What you have to do: Give the lines below again exactly, starting with the line that holds "ARCTIC M2 Pro" and going on through the line that holds "vivo Top 5 UpComing".

(Dataset records begins)

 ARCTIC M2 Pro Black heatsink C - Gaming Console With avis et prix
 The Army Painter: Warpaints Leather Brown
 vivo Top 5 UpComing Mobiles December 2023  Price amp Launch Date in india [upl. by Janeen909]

(Dataset records ends)
(Dataset records begins)

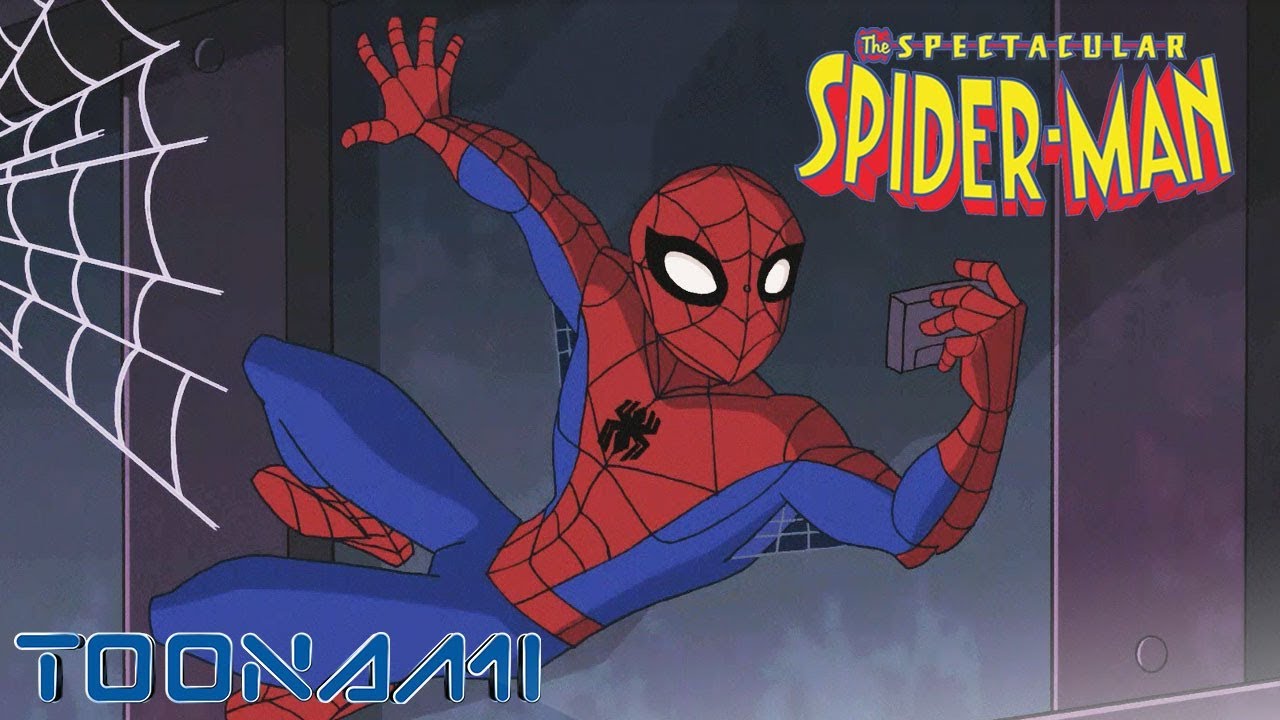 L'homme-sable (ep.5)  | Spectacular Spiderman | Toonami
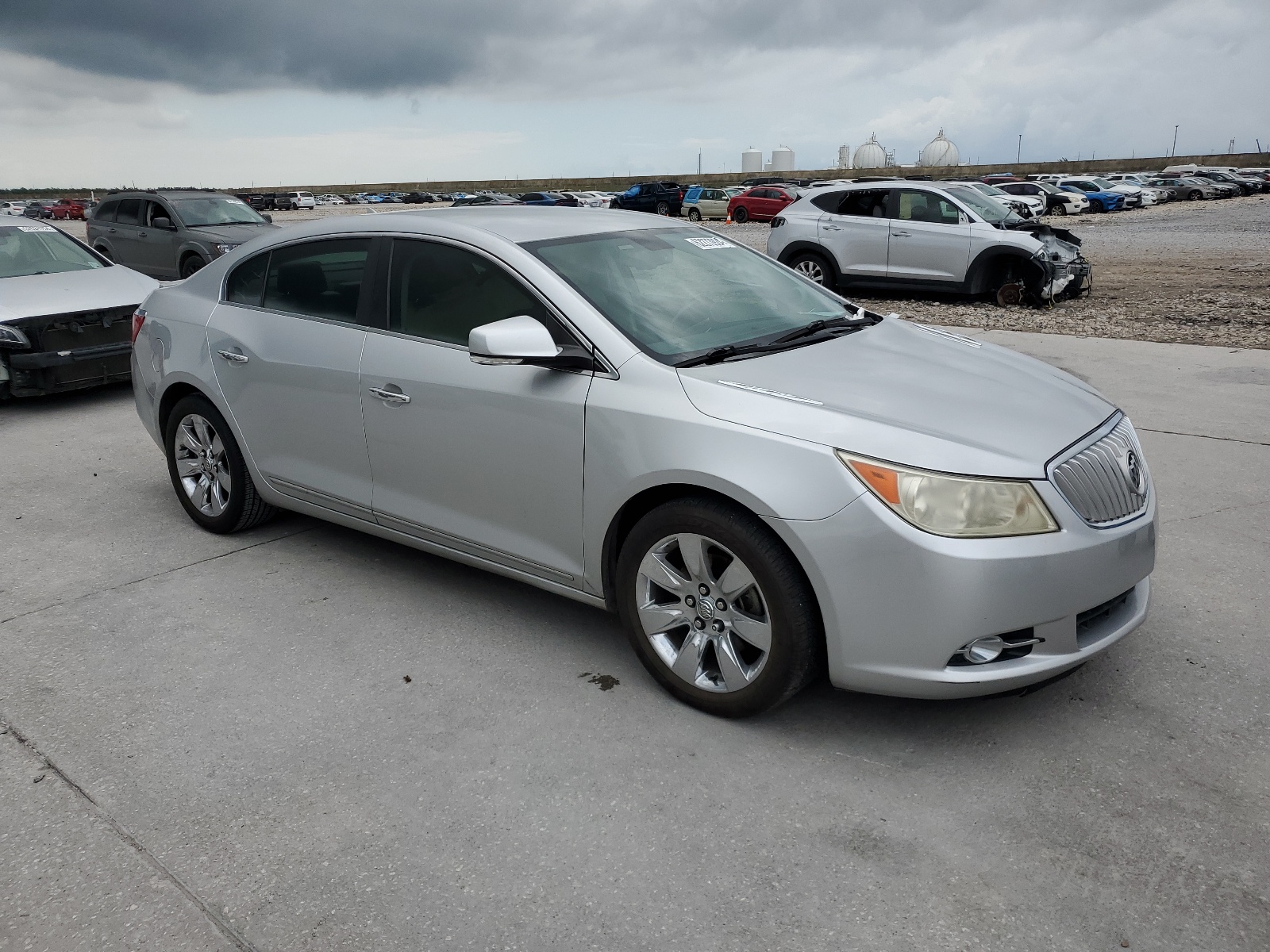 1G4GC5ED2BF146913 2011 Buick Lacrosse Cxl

(Dataset records ends)
(Dataset records begins)

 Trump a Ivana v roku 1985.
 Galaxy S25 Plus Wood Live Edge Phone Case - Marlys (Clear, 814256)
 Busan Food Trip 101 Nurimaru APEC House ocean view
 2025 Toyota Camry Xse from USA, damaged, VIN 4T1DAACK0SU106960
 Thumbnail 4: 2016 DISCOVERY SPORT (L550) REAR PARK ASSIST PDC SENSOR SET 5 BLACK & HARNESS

(Dataset records ends)

Worked solution:
 ARCTIC M2 Pro Black heatsink C - Gaming Console With avis et prix
 The Army Painter: Warpaints Leather Brown
 vivo Top 5 UpComing Mobiles December 2023  Price amp Launch Date in india [upl. by Janeen909]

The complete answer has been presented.